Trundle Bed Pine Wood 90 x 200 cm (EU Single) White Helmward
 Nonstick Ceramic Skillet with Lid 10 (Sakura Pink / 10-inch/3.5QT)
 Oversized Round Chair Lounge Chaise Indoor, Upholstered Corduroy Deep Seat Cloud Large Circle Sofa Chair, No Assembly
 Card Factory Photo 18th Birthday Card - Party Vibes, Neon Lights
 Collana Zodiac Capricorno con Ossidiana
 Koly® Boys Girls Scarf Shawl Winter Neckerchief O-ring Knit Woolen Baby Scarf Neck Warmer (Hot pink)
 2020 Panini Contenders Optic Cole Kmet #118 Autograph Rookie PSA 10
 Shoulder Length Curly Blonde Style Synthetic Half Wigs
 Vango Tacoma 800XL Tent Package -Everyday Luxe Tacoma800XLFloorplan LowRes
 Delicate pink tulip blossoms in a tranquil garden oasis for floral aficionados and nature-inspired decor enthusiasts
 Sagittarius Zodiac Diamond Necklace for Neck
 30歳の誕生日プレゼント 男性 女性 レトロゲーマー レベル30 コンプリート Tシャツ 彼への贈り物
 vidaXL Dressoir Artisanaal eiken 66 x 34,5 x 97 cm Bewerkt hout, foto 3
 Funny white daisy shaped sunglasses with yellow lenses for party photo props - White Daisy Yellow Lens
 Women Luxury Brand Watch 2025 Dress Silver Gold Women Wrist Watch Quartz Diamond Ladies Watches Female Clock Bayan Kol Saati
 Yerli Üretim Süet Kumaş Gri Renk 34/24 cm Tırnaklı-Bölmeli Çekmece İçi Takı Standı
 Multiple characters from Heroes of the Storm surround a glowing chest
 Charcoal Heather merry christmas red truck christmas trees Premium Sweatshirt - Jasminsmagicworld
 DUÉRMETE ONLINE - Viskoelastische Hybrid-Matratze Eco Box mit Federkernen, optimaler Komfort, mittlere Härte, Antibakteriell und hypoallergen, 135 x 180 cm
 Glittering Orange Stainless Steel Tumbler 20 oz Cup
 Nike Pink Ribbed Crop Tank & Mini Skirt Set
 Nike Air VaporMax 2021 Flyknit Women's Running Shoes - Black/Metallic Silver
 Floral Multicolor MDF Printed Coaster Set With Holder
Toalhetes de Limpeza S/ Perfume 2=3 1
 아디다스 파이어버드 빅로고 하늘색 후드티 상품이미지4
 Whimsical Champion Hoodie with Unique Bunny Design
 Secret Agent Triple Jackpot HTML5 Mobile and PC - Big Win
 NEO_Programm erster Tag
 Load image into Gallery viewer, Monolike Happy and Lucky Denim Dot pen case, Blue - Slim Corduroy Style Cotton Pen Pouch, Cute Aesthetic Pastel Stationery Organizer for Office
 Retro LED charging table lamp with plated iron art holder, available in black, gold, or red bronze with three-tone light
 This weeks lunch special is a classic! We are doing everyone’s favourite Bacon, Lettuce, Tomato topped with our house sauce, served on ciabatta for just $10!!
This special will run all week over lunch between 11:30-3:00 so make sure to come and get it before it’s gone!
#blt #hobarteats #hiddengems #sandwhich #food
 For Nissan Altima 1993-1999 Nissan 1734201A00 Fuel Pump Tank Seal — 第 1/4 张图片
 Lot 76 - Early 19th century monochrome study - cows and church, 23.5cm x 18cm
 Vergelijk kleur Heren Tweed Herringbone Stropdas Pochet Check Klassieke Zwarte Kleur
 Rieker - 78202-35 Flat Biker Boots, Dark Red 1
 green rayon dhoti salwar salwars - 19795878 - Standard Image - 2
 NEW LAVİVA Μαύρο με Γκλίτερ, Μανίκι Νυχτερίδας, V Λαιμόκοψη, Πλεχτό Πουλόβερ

--- --- ---

__Task prompt__
Your task is to reproduce the entries exactly, starting at the first line and ending with the line containing "Sagittarius Zodiac Diamond Necklace for Neck".

__Finished exercise__
Trundle Bed Pine Wood 90 x 200 cm (EU Single) White Helmward
 Nonstick Ceramic Skillet with Lid 10 (Sakura Pink / 10-inch/3.5QT)
 Oversized Round Chair Lounge Chaise Indoor, Upholstered Corduroy Deep Seat Cloud Large Circle Sofa Chair, No Assembly
 Card Factory Photo 18th Birthday Card - Party Vibes, Neon Lights
 Collana Zodiac Capricorno con Ossidiana
 Koly® Boys Girls Scarf Shawl Winter Neckerchief O-ring Knit Woolen Baby Scarf Neck Warmer (Hot pink)
 2020 Panini Contenders Optic Cole Kmet #118 Autograph Rookie PSA 10
 Shoulder Length Curly Blonde Style Synthetic Half Wigs
 Vango Tacoma 800XL Tent Package -Everyday Luxe Tacoma800XLFloorplan LowRes
 Delicate pink tulip blossoms in a tranquil garden oasis for floral aficionados and nature-inspired decor enthusiasts
 Sagittarius Zodiac Diamond Necklace for Neck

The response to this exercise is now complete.